Schon bei der Erarbeitung des Störungsmodells wird Mia klar, dass man eine Angststörung wie die Emetophobie nicht einfach mal so mit Expositionen wegtherapiert und sonst alles beim Alten bleibt, sondern dass die Entstehung und Aufrechterhaltung der Erkrankung immer mit dem Menschen in seiner Gesamtheit zu tun hat. Dass sie lernen muss, sich nicht nur über ihre schulischen Leistungen zu definieren und in Beziehungen auch eigene Bedürfnisse und Wünsche äußern darf, ohne dafür gleich gemobbt oder verlassen zu werden. Das ist für sie ein ebenso hartes Stück Arbeit wie die Expositionsbehandlung. Auch mal Nein zu sagen, wenn ihr etwas gegen den Strich geht, also Grenzen zu setzen, ist vor allem im Kontakt mit Gleichaltrigen eine große Herausforderung. Immer wieder verwandelt sich ihre ohnehin selten auftretende Wut auf Mitpatientinnen oder Therapeuten in Selbsthass und – Angst. Doch einige besonders positive Beziehungen zu Mitstreiterinnen auf derselben Station helfen der Patientin, mehr und mehr zu sich selbst zu stehen und ihren inhärenten Wert als Mensch zu erkennen.

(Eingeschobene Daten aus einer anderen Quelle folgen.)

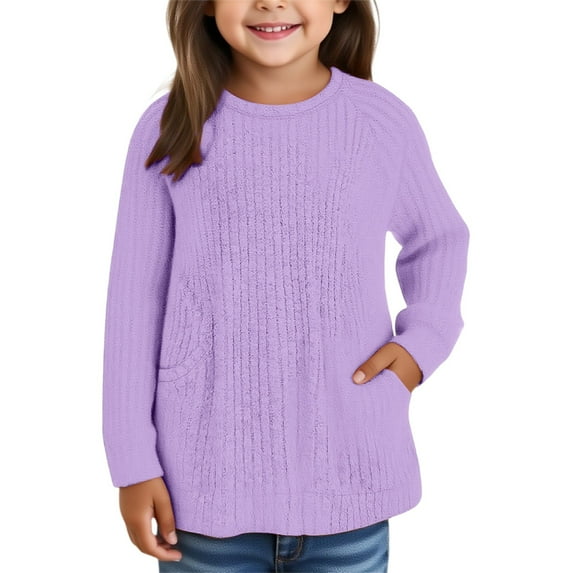 XXWXYD Girls Long Sleeve Crewneck Blouse Solid Color Loose Fit Tunic Knit Top Casual Fall Winter Sweater Soft Comfortable Versatile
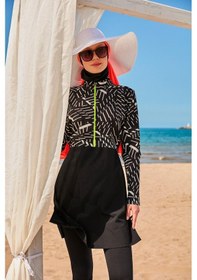 Resim Marina M2326 Tam Kapalı Tesettür Mayo-siyah Siyah 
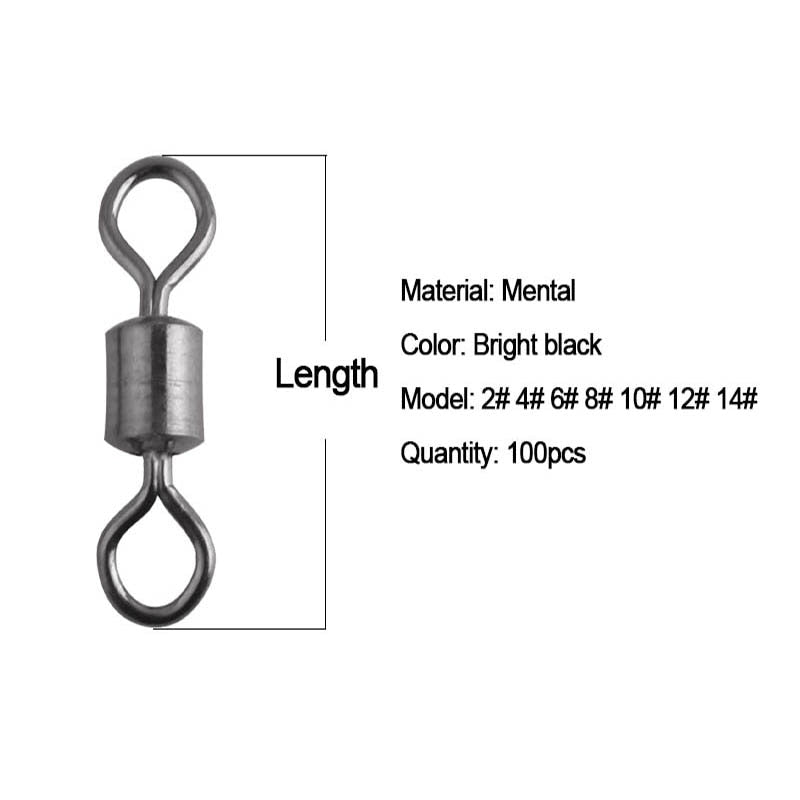 100pcs/lot Fishing Swivel Solid Connector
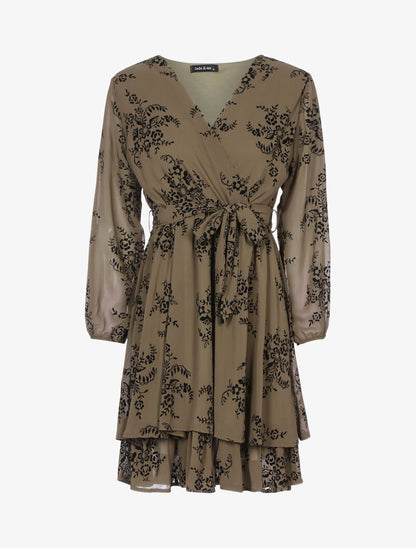 Robe patineuse effet velours et fleurs graphiques - taupe - 1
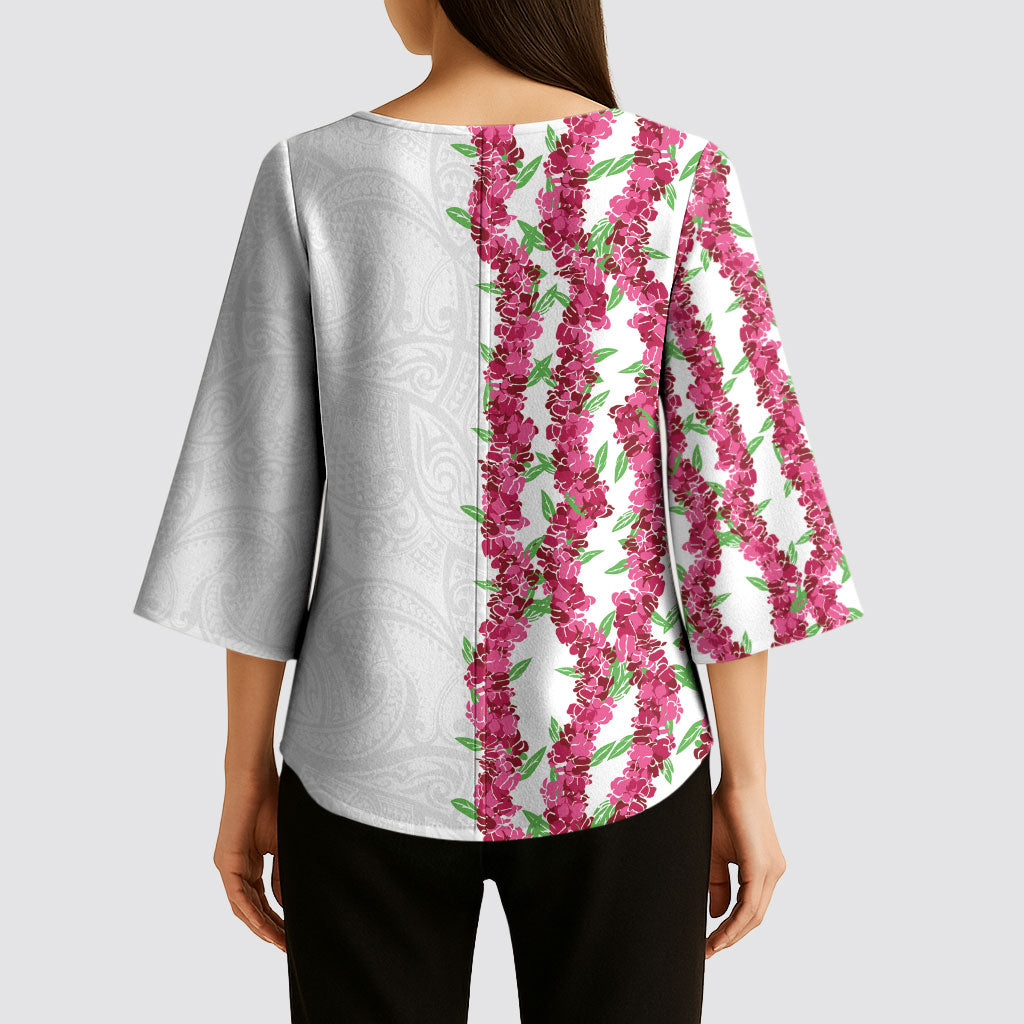 Hawaii Aalii Lei Kimono Sleeve Blouse Aalii Ku Makani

Weil der Stationsalltag gewissermaßen ein „sozialer Experimentierkasten“ ist, bieten sich zahlreiche Möglichkeiten, mit Gefühlen anders umzugehen, als man das vielleicht gewohnt ist: z.B. Enttäuschungen offen anzusprechen oder Irritationen in zwischenmenschlichen Kontakten rückzumelden. Unter therapeutischer Begleitung macht Mia auch in dieser Hinsicht große Fortschritte.

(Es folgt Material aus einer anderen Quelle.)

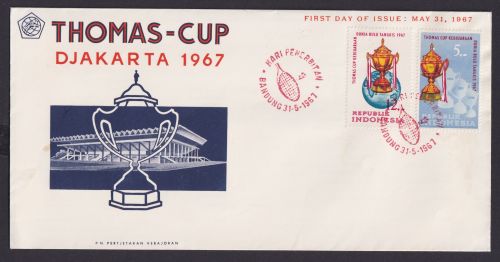 Indonesien Brief Sport Badminthon Weltmeisterschaft Djakarta FDC vom 31.5.1967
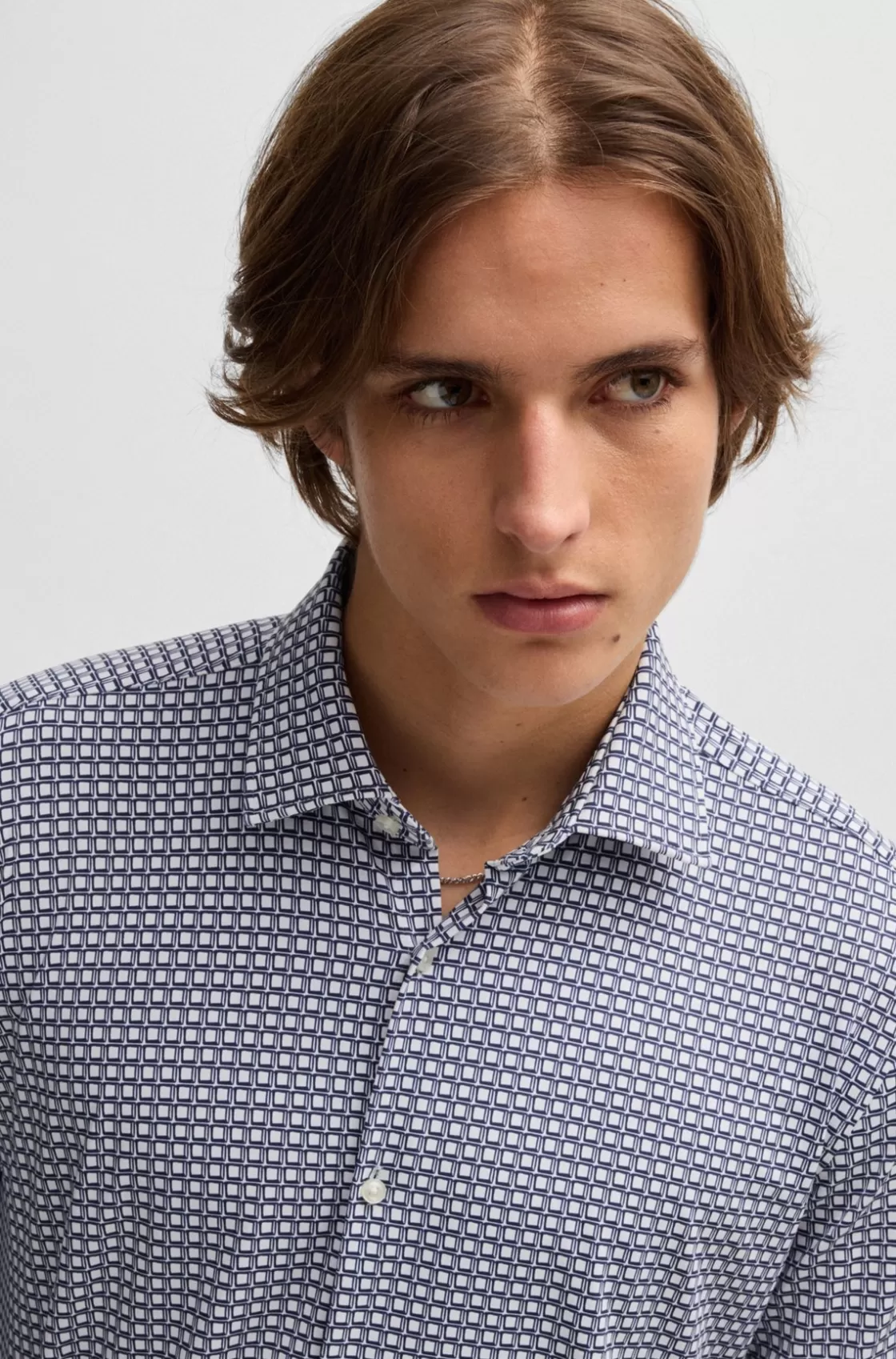 HUGO BOSS Slim-fit Shirt In Printed Performance-stretch Jersey Dark Blue Fashion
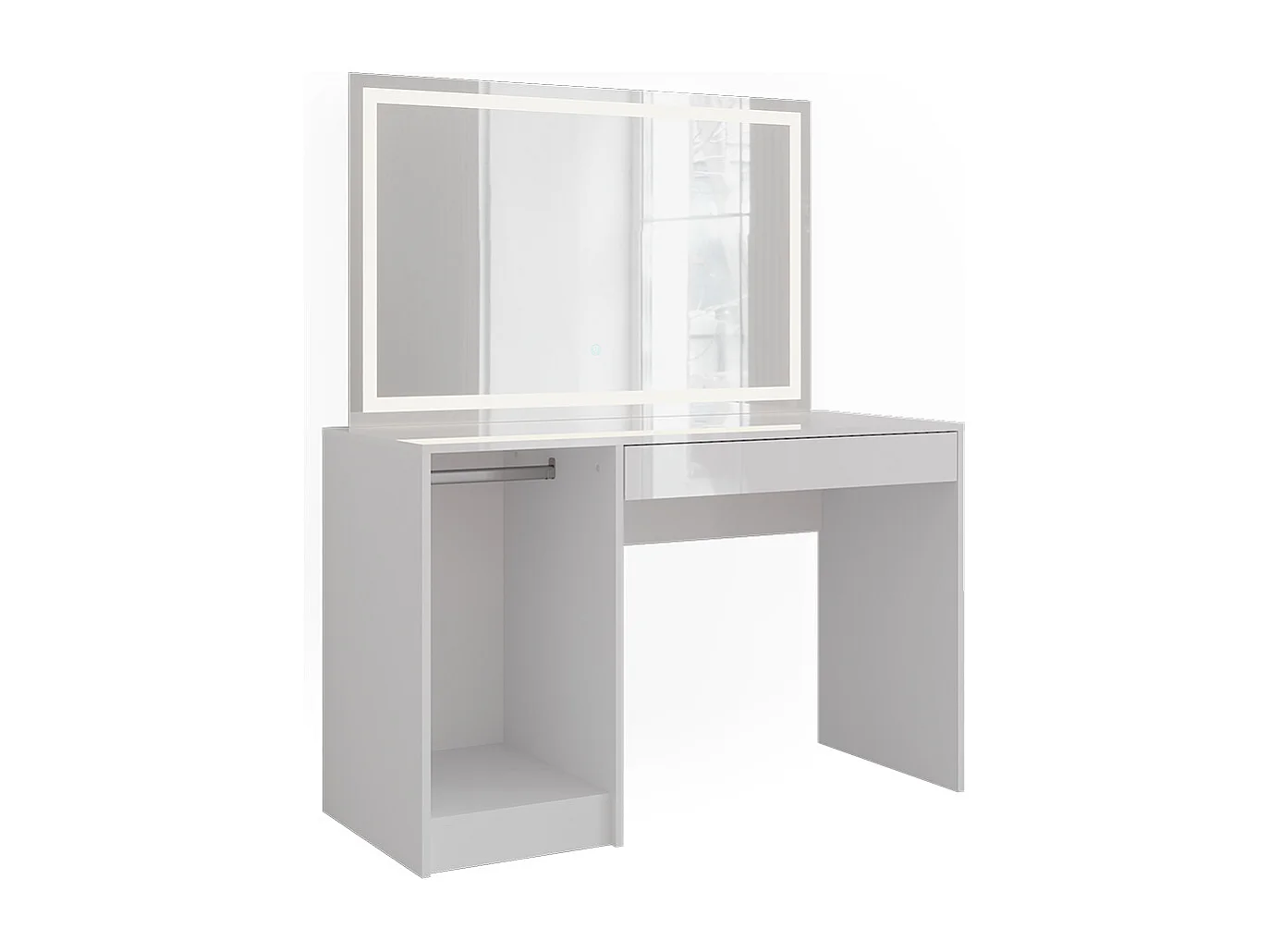 Kaptafel met licht wit/wit hoogglans 119.8x50.1x76 sherry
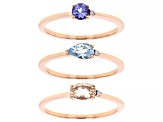 Pre-Owned Blue Tanzanite 10k Rose Gold Ring Set Of 3 0.84ctw
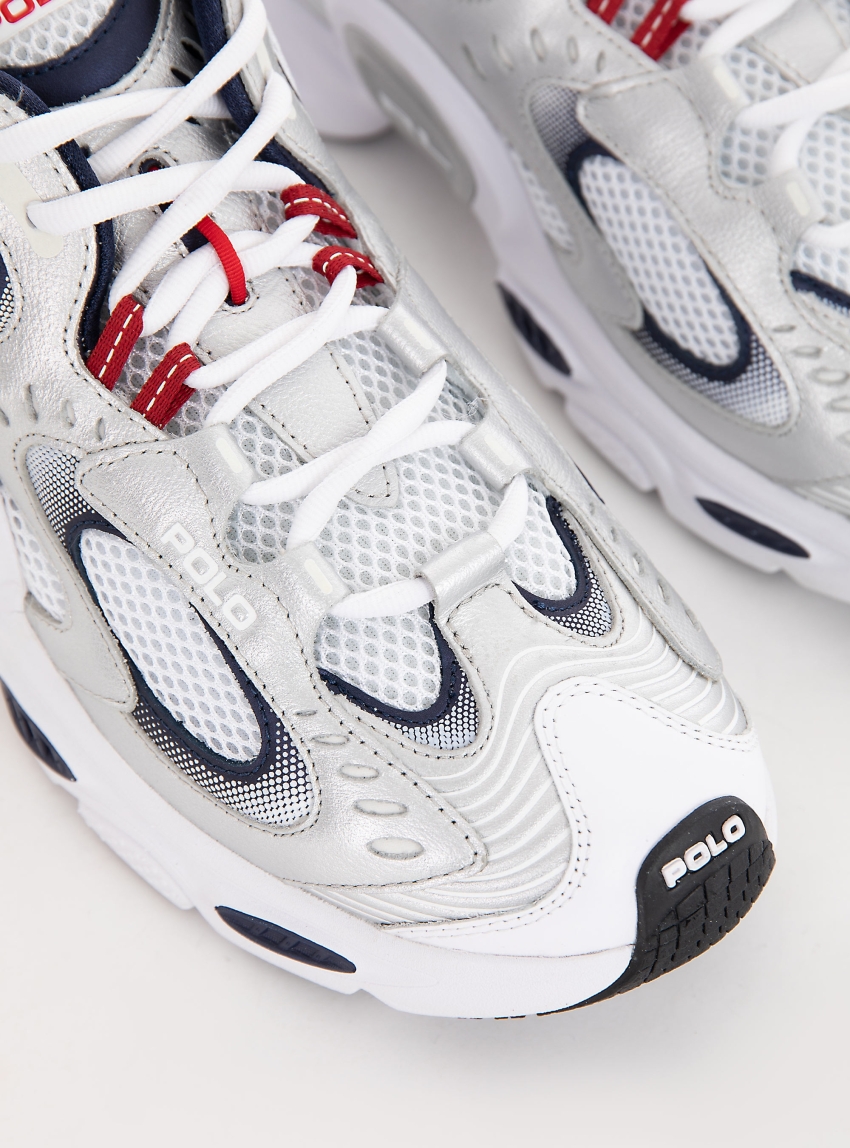 Polo Ralph Lauren Modern 100 Low Top Lace Trainers - Silver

Schließlich werden auch die Eltern eingeladen, um für ein gedeihliches Miteinander nach dem stationären Aufenthalt zu sorgen und Unterstützungsmöglichkeiten für die junge Patientin zu besprechen.

Fazit: Mit neuem Mut nach Hause

Mia verlässt nach 12 Wochen stationärer Therapie die Klinik mit festen Plänen für die Zukunft. Natürlich sind ihre Ängste nicht gänzlich weg. Aber sie hat ihren Handlungsspielraum auf ein Maß erweitert, das ihr die Hoffnung auf ein erfülltes Leben zurückbringt. Ferner weiß das Mädchen sehr genau, wie sie den Herausforderungen des Alltags mit ihrem neuen Handwerkszeug zu begegnen hat.

So revidiert die junge Frau schließlich doch noch ihre anfängliche Aussage und meint, dass sie nun doch „lieber kotzen als sterben“ würde.